Había más revulsivos para optimizar la enseñanza. Laicos como la Institución Libre de Enseñanza (ILE)  fundada por Giner de los Ríos en 1876. La Residencia de Estudiantes de Madrid en 1910, la Residencia de Señoritas, fundada por María de Maeztu, también en Madrid en 1915. Todo ello en función de la Universidad Central de Madrid, la única que expedía doctorados. La Escuela Superior de Magisterio, 1909. El Instituto Escuela en 1918.  Religiosas, la fundación de la Institución Teresiana por el padre Poveda. En Granada, las Escuelas del Ave María fundadas por el padre Andrés Manjón.

Los hombres ilustrados eran los mayores enemigos de la educación de la mujer. Incluso ilustres miembros de la ILE, como su segundo director Manuel Bartolomé Cossío, sentían malestar ante el acceso a la enseñanza superior de las mujeres. Años más tarde, el mismísimo Ortega y Gasset también recelaba de la mujer instruida.  Mujeres que tenían que firmar sus obras con el apellido de sus maridos, como María Lejárraga, diputada en cortes por Granada de 1933-1936 por el PSOE,  casada con Gregorio Martínez Sierra, tuvo que borrar su nombre y firmar sus escritos con el apellido de su marido. La propia hermana de Pío Baroja, Carmen, sufrió el ostracismo cultural en una familia de ilustrados. Y ya en la II República el caso sangrante de Victoria Kent del Partido Republicano Radical Socialista que se opuso al voto femenino “hasta que la mujer estuviera preparada para votar”, en realidad por discrepancias estratégicas con Clara Campoamor del Partido Radical que sí votó a favor y consiguió que el voto femenino estuviera en la Constitución de 1931. También estuvo en contra Margarita Nelken del PSOE.

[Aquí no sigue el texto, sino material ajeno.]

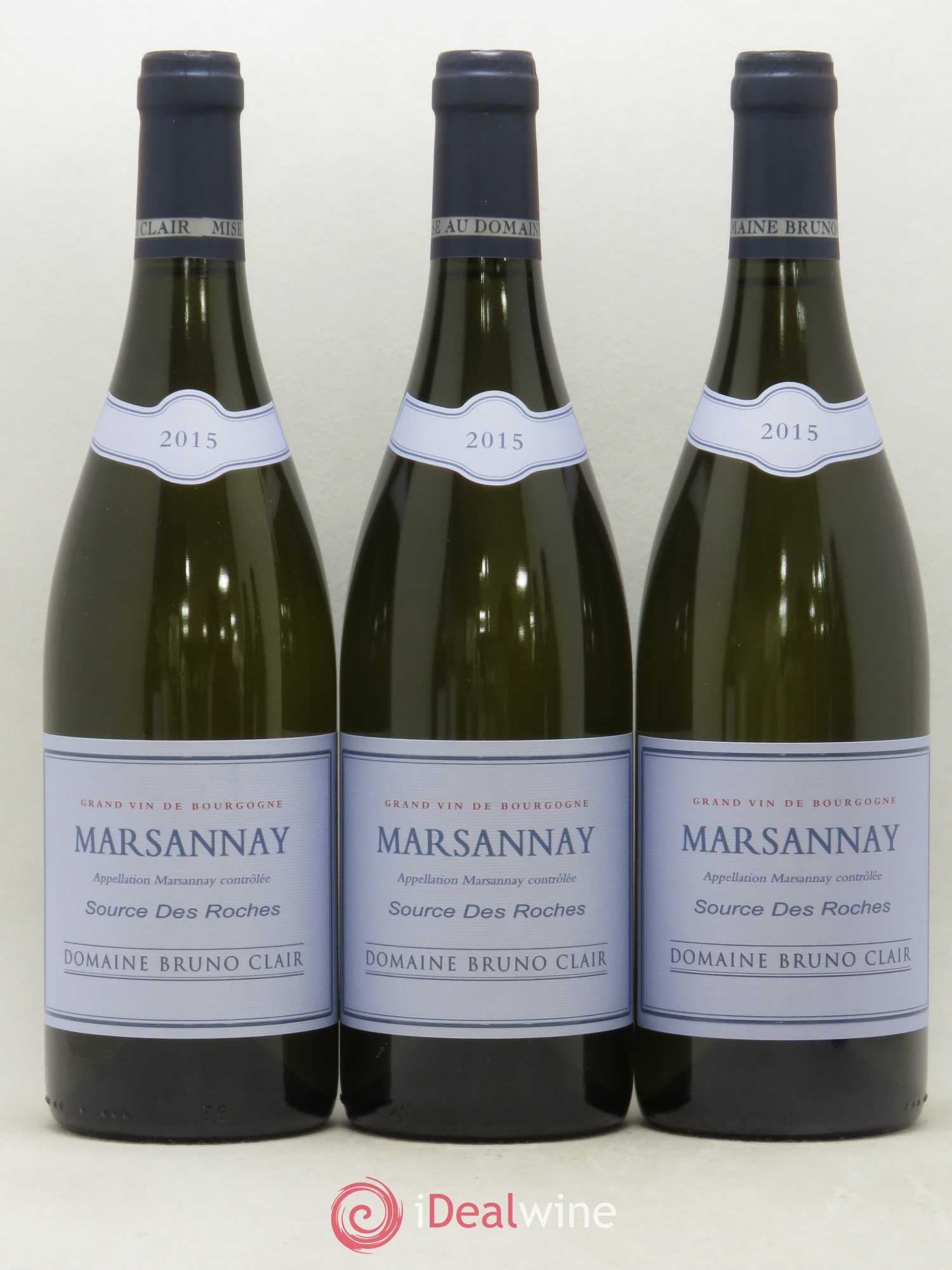 Marsannay Bruno Clair (Domaine) Sources des Roches 2015 - Lot de 6 bouteilles - 2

En España, en ese cuarto de siglo, no hubo un movimiento sufragista como en el Reino Unido, pero si hubo mujeres, auténticas pioneras feministas que lucharon por los derechos de la mujer, inexistentes por entonces. Concepción Arenal, que asistió vestida de hombre a clases universitarias  de Derecho durante los cursos 1842-45; Clara Campoamor, Emilia Pardo Bazán, Carmen de Burgos y Seguí, fueron el primer referente en la lucha por la igualdad. Rosalía de Castro, Matilde Landa, Federica Montseny, Dolores Ibárruri, María de Maeztu, María Zambrano, Rosa Chacel, Josefina de la Torre, Ernestina de Champourcín, las pintoras Maruja Mallo, Ángeles Santos, Margarita Manso y centenares más estuvieron comprometidas en la causa de los derechos de la mujer.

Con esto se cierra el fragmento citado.